**Task to complete**. Copy only the lines from the one with "Hässlicher Weihnachtspullover mit" through the end of the records, exactly as they stand. No pictures belong in the copy.

**Excerpted records**.

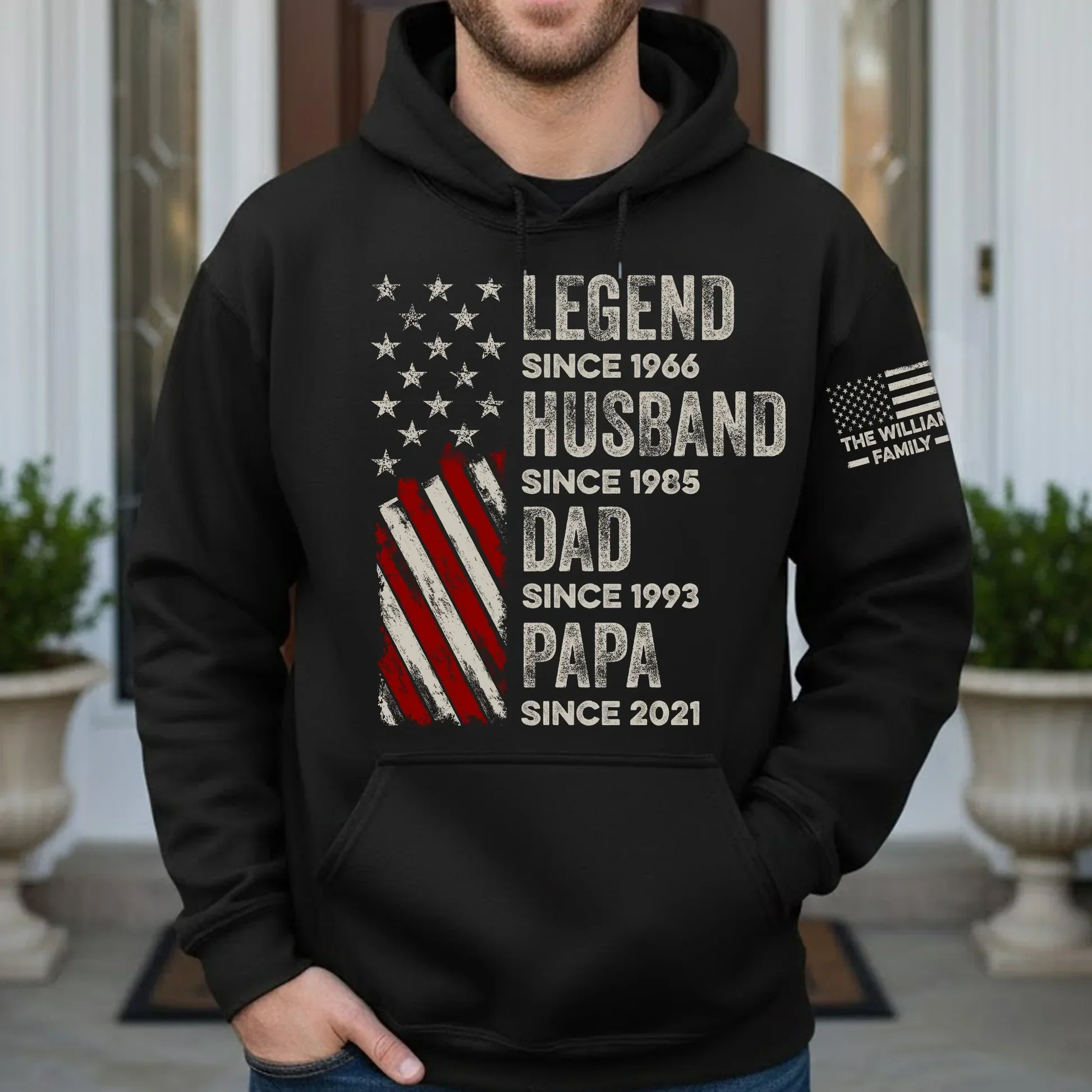 Personalized Legend Husband Dad Grandpa Hoodie with American Flag Design – Cozy Custom Gift for a Proud Family Man - Image 3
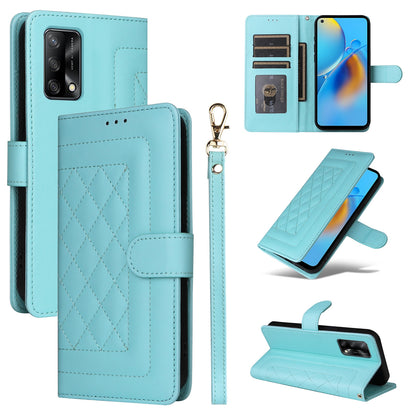 OPPO A74 / A95 4G / F19 Diamond Lattice Leather Flip Phone Case - Durable and Convenient Holder with Precision Cutouts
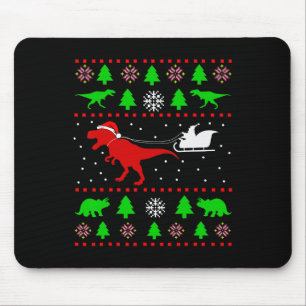 Hässlicher Weihnachtspullover mit Dinosauriern für Mousepad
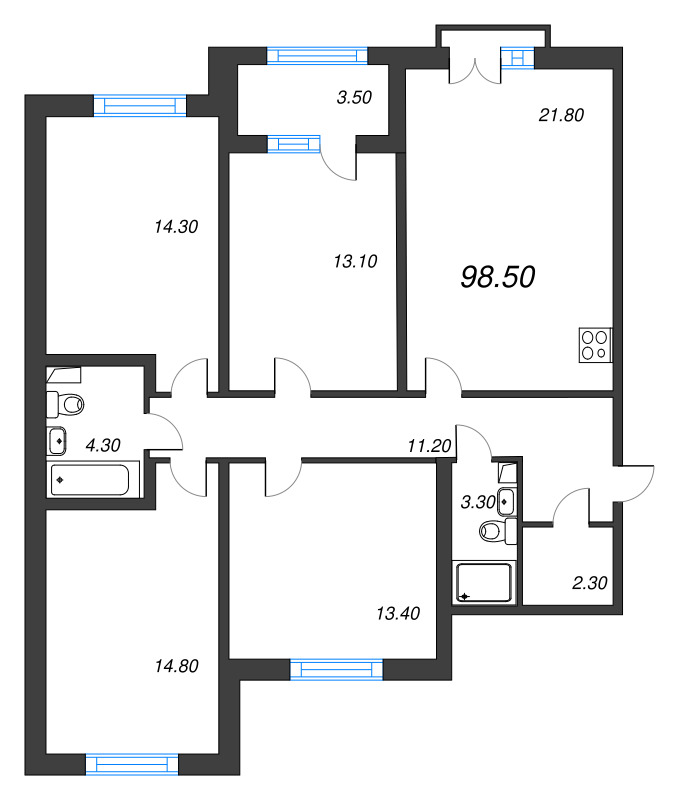 5-комнатная (Евро) квартира, 98.5 м² - планировка, фото №1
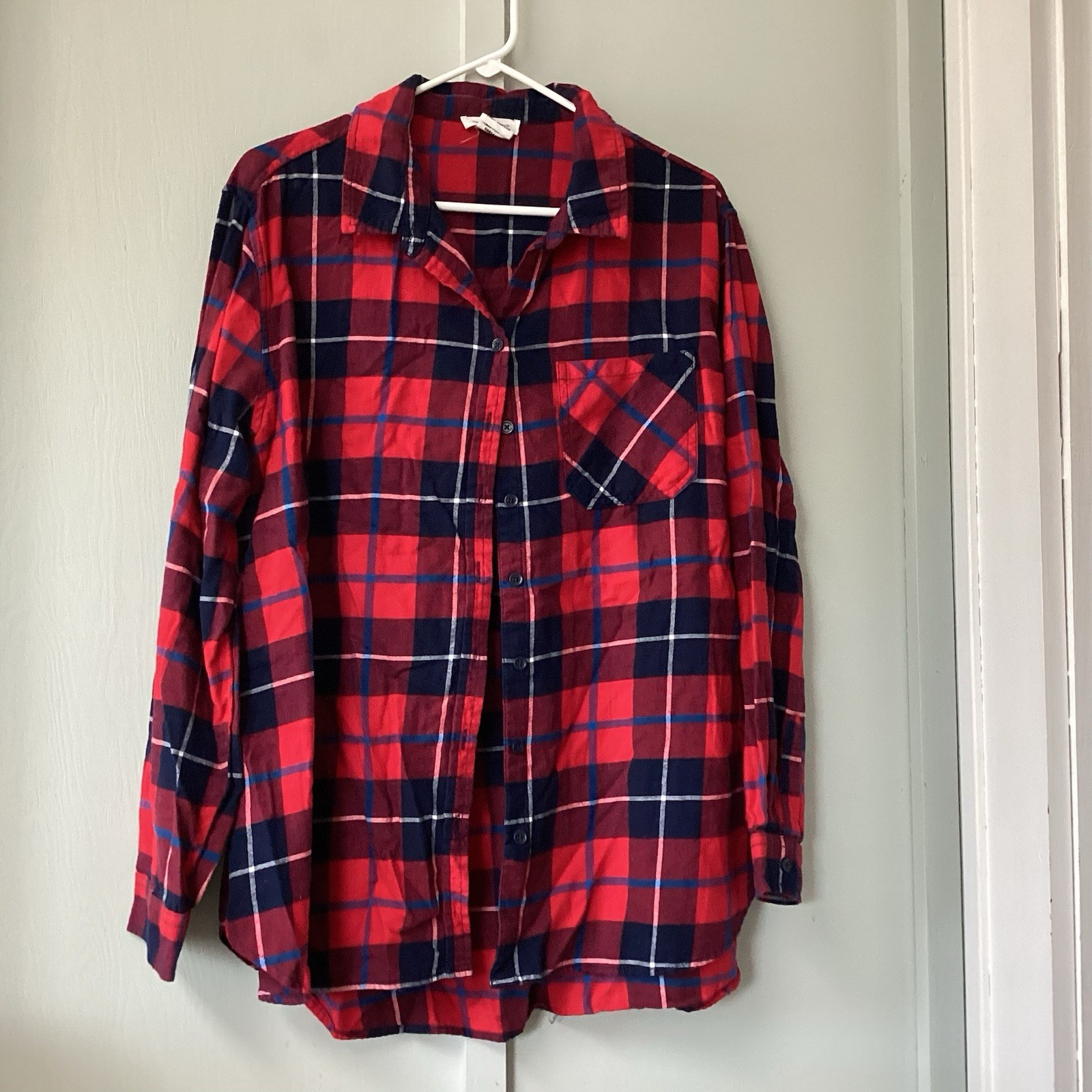 Beach Lunch Lounge Flannel Shirt Womens XL Red Plaid Outdoor Cabin Lounge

**The answer**.
 Hässlicher Weihnachtspullover mit Dinosauriern für Mousepad
 5-комнатная (Евро) квартира, 98.5 м² - планировка, фото №1
 Beach Lunch Lounge Flannel Shirt Womens XL Red Plaid Outdoor Cabin Lounge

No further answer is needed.